Data was collected for 3 days. Processing and visualization were performed live as part of the proof of concept. Results of the tweaked topographic optimization with GNSS processed data can be seen in Fig. 5. It can be compared to standard topographic optimization displayed in Fig. 6.

Fig. 5.
figure 5

Topographic optimization with GNSS data

Fig. 6.
figure 6

Topographic optimization without GNSS data

Results of standard topographic optimization show that common points inside the AoI barely move (Fig. 6). However, processed GNSS data proves that control points inside the AoI are not static, which is not consistent with the previous observation. Thus, topographic surveying needs to be adjusted using processed GNSS data. When the proposed methodology is implemented, vertical displacements of common points are not negligible anymore (Fig. 5). Besides, it can be seen that results are smoothed thanks to the least squares procedure.

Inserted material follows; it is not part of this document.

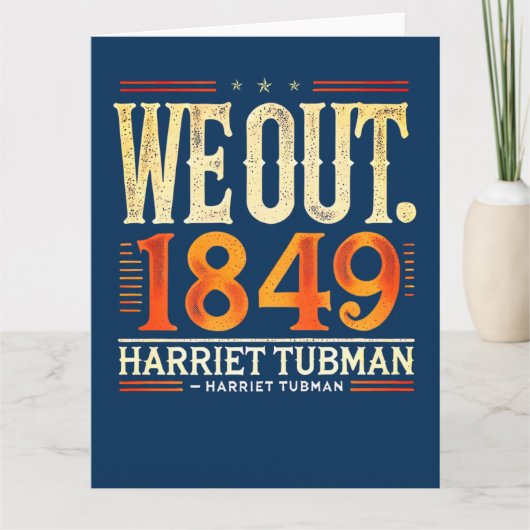 Harriet Tubman We Out 1849 Black America History カード (正面)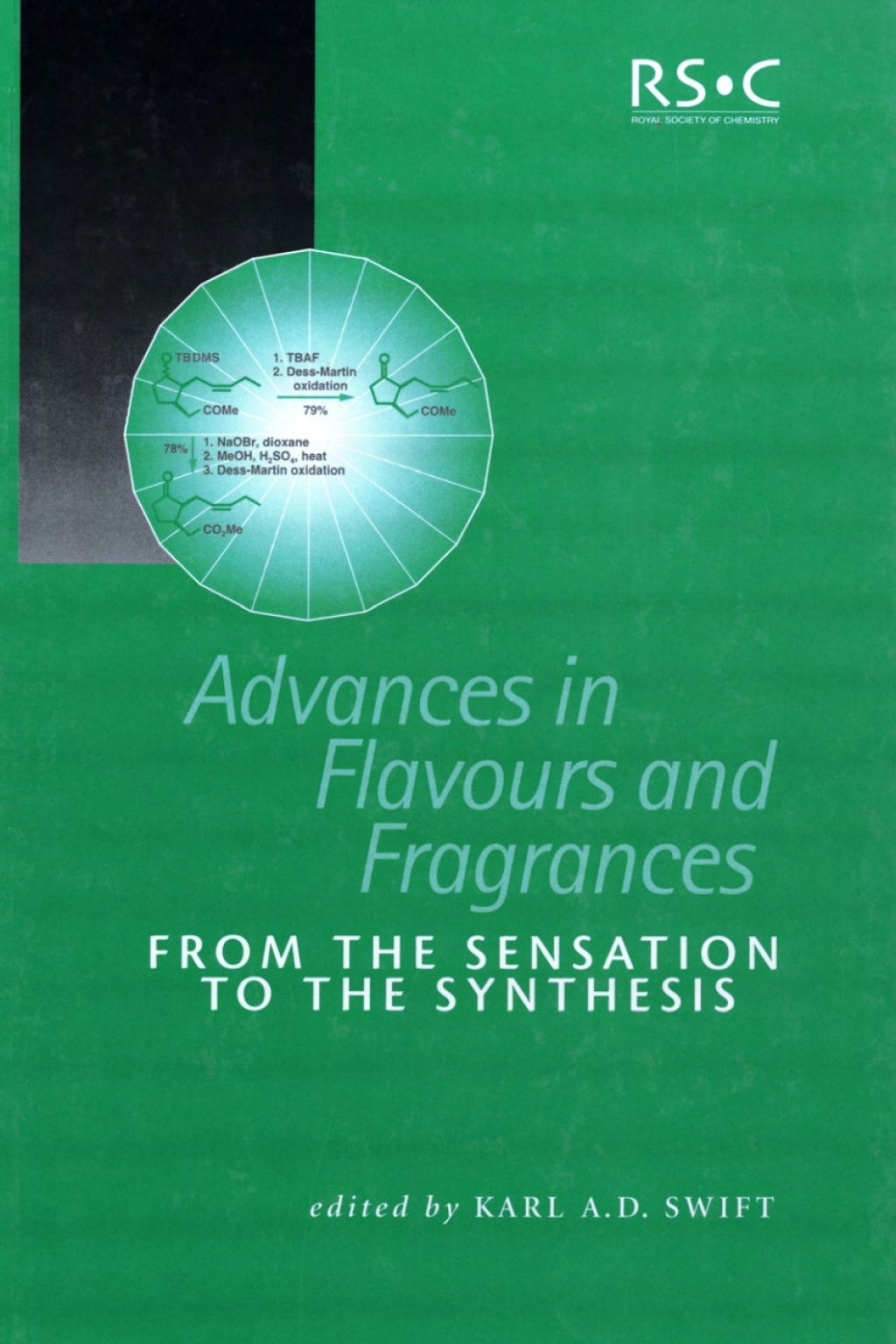 Advances in Flavours and Fragrances From the Sensation To the Synthesis 1st Edition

It is important to underline that the proposed methodology improves standard topographic surveying only if the control points are not static. Indeed, GNSS data shows greater uncertainties than RTS data: half-centimetric precision versus sub-millimetric precision. Therefore, control points should always be placed outside the AoI when possible. When it is not possible (very large AoI, dense urban area), the proposed methodology proves to be a good way to limit uncertainties and have good results.

4 Conclusion

In dense urban areas, it is often difficult to put the control points of topographic surveying outside the area of interest. In this study, it is shown how to tackle this issue by coupling a Robotic Total Station with GNSS receivers. In the proposed procedure, processed GNSS data is used as input for topographic least squares optimization. The methodology is implemented for the monitoring of a conveyor belt in the Grand Paris Express project. Results are very promising, since vertical displacements could be updated thanks to the new procedure.